(Brief descriptive captions)
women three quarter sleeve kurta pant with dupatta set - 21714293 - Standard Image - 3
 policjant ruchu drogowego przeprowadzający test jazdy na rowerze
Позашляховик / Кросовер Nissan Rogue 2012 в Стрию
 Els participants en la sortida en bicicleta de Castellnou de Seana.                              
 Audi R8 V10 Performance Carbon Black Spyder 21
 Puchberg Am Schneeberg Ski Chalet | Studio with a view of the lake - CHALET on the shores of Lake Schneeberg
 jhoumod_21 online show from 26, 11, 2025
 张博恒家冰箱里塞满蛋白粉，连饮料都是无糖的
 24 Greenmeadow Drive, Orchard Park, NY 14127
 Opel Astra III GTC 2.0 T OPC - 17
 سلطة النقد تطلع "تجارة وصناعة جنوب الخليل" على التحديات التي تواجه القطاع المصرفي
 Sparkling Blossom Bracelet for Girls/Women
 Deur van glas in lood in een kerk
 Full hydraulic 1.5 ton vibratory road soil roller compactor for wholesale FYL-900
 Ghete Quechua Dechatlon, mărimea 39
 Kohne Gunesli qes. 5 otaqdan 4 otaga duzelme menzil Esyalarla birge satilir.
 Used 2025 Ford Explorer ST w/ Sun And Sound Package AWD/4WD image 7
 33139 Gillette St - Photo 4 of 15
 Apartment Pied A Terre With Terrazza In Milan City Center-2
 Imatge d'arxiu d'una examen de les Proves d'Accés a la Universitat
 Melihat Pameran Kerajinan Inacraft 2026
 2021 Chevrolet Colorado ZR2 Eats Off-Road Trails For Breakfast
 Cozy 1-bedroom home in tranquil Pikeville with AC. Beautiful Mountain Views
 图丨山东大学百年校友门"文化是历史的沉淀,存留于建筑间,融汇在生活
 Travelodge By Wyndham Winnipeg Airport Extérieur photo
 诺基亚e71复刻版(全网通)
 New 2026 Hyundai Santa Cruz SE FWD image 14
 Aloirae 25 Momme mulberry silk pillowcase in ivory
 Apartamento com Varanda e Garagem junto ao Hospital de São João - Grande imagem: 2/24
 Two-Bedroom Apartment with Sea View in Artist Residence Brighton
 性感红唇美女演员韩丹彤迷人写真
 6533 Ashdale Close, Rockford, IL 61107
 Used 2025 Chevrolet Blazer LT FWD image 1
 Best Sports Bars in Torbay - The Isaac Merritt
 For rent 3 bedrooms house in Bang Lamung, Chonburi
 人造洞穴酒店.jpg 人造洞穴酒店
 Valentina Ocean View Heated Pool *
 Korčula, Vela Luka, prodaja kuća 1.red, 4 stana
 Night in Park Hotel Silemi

What the task asks – Locate and copy each line in the data above that includes the word "Used".

Expected output –
 Used 2025 Ford Explorer ST w/ Sun And Sound Package AWD/4WD image 7
 Used 2025 Chevrolet Blazer LT FWD image 1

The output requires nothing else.